С кажущейся небрежностью скользили ее тонкие пальцы по клавишам. Она покончила с размышлениями, энергично тряхнув красивой головкой, устремила умные и внимательные глаза на клавиатуру и снова заиграла. Едва она взяла первый аккорд пьесы Хубера[3], ее отзывчивая натура мгновенно отторгла все бренное. В часы, проводимые за роялем, она забывала об окружающем, целиком погружаясь в мир благих звуков и чистых форм. Это не было ликованием опьянения или чувствительностью, а было спокойным, само собой разумеющимся пребыванием в привычном домашнем кругу, в хорошо ей знакомом, приятном месте ее обитания.
2
Мартин сидел, глубоко провалившись в старое кресло, в комнате, выходившей окнами в парк. За окном сияла на июньском солнце молодая листва. Буркхард, друг Мартина, прислонился к столу и курил.

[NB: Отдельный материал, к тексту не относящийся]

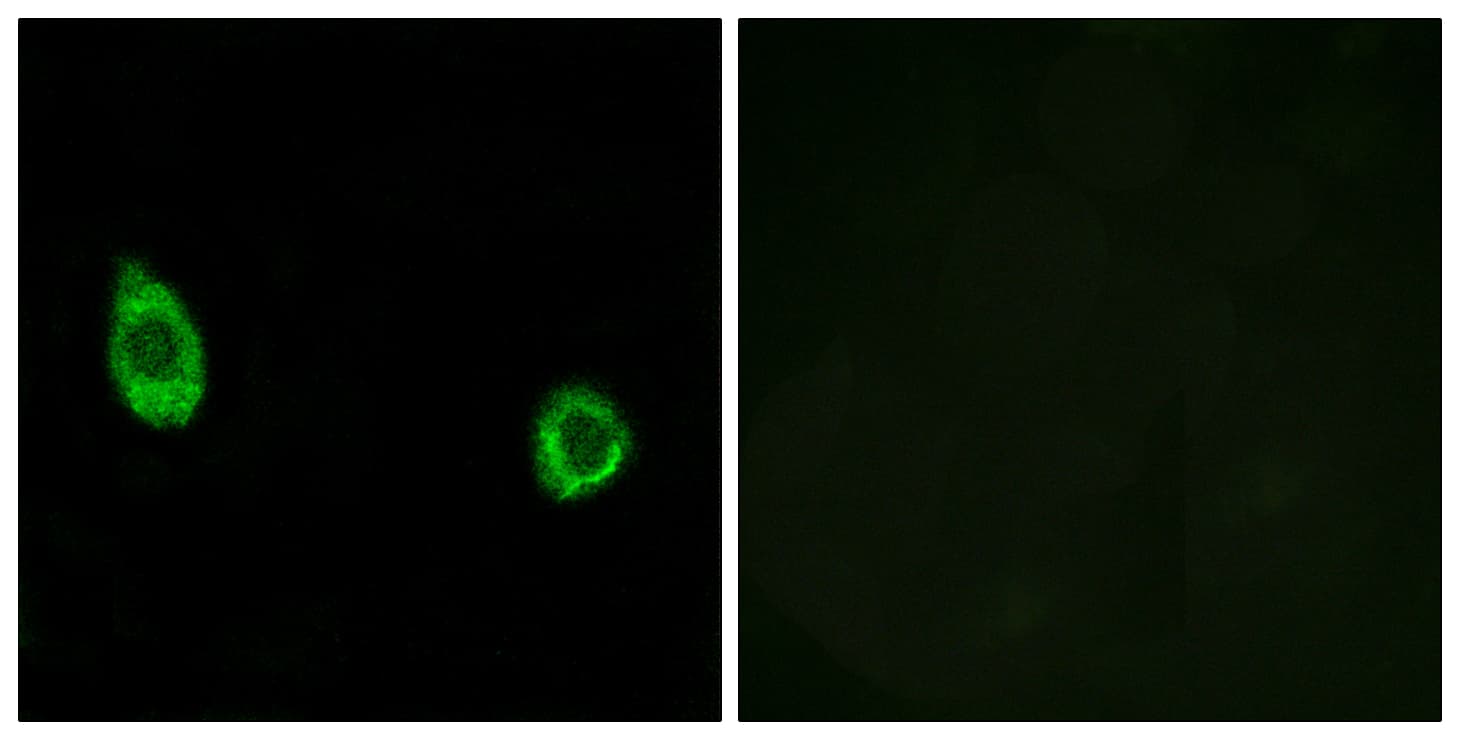 Polyclonal Rabbit anti-Human GALNAC4ST-2 / CHST9 Antibody (aa361-410, IHC, IF)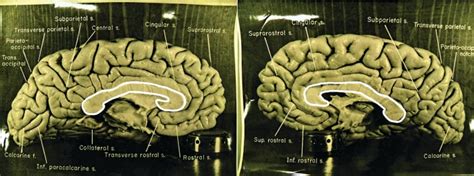 Inside Einstein’s Brain, Big Bang Props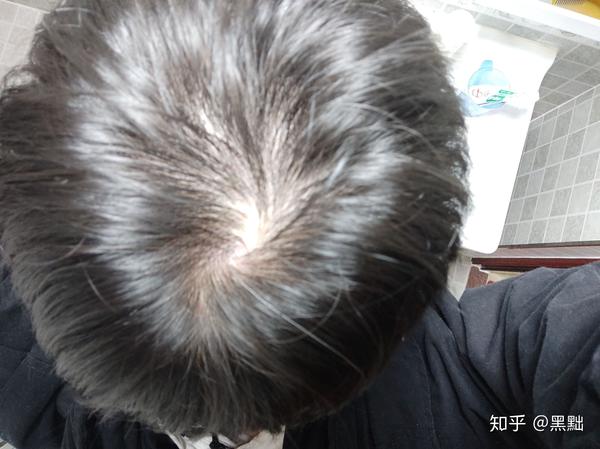 头发本来就细软,然后发现这两年发旋头发很少,有没有什么好方法可以让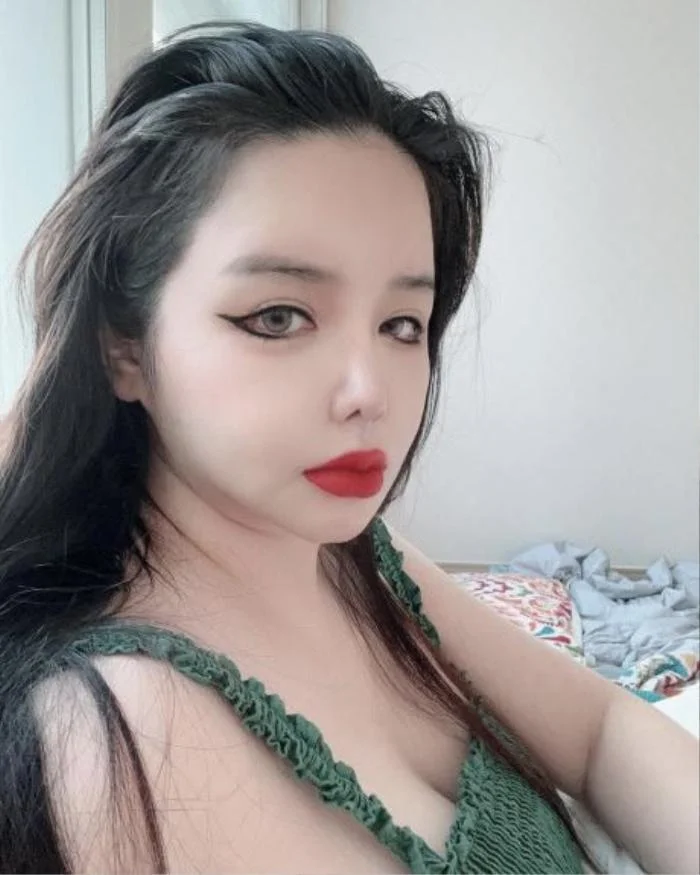 Park Bom hỏng nhan sắc vì nghiện phẫu thuật thẩm mỹ - Hình 2 Park Bom hong nhan sac vi nghien phau thuat tham my-Hinh-2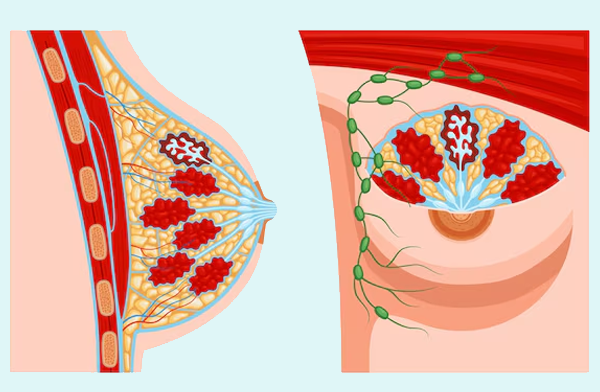 Breast Lump and Breast Cancer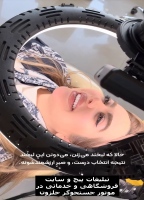 عوارض روکش دندان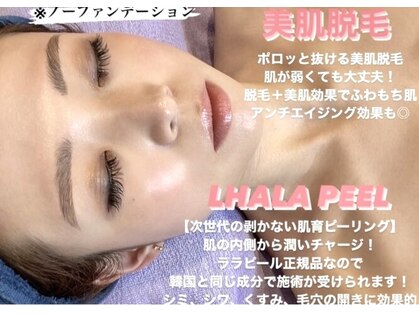 エンディミオン(Endymion)の写真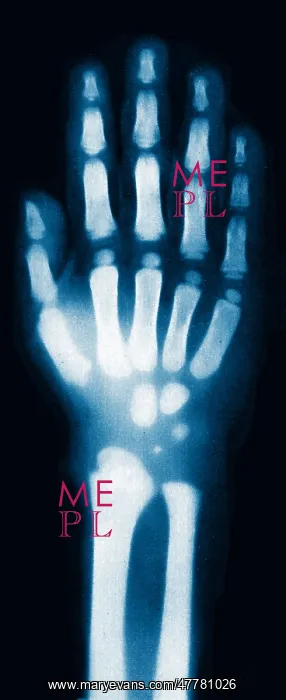 : X-ray of Child's Hand, 1896 : X-ray of Child's Hand, 1896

— Ты делаешь странные признания, — сказал он с расстановкой, подув на горящую сигару и опершись правой рукой о стол. — Собственно, это какие-то сентиментальности, которые как раз тебе-то…
— Да-да, — прервал его Мартин несколько недовольным тоном. — Что ты тут поешь, как заезженная пластинка, вместо того чтобы попытаться понять меня? — Нежные колечки дыма светились на солнце, вытягиваясь в тонкие причудливые нити. Сквозь открытую дверь врывался шум деревьев и дробный стук дятла. Мартин потер пальцами наморщенный лоб.
— Итак, еще раз, — начал он снова, — скажи мне наконец честно, что это не так, как я говорю. Я просто обыкновенный комедиант и только взбиваю пену, из года в год одно и то же, переливаю из пустого в порожнее…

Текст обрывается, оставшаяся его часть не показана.